情報科学の面から東日本大震災を振り返る

電子情報通信学会誌の今月号(Vol95,No.3,平成24年3月)は、東日本大震災の特集だった。興味深い話がいくつかあったので紹介する。

*ところどころ、上記の文献からの抜粋も含みます。

東日本大震災における通信衛星 WINDS 等の活用状況

2008年に超高速インターネット衛星 WINDS の名前が「きずな」なんだそうで。下り最大155Mbps(下り)の通信可能。筑波宇宙センターと接続され、そこからインターネットに繋がる。震災当時は岩手県庁本部などに回線提供した。HDTV品質のテレビ会議システムが可能。

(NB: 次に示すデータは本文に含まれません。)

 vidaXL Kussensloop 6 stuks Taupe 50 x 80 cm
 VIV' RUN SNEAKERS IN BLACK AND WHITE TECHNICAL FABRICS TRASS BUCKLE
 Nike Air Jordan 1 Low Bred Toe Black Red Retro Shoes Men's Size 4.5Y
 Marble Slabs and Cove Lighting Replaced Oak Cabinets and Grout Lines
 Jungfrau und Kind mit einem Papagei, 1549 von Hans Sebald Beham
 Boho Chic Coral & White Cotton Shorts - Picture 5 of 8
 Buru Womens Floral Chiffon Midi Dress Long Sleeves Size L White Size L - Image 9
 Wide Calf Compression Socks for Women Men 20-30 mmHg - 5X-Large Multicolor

東日本大震災とオンラインコミュニケーションの社会心理学−その時ツイッターで何が起こったか−

地震発生から1時間以内に毎分1,200件のツイートが投稿、24時間で「地震」を含むツイートが24万6,075件。サーバーダウンはなかった。

トラウマ的なできごとには「書く」ということで健康が増進する。筆記療法とも言うそうで、つぶやきはそれにあたるのではないか。

特定の検索キーワードを含むツイートを30秒おきに検索・収集するソフトで、TTTというのがある。不安を表すツイートが多い、911の場合は、怒りに関するものが多かった。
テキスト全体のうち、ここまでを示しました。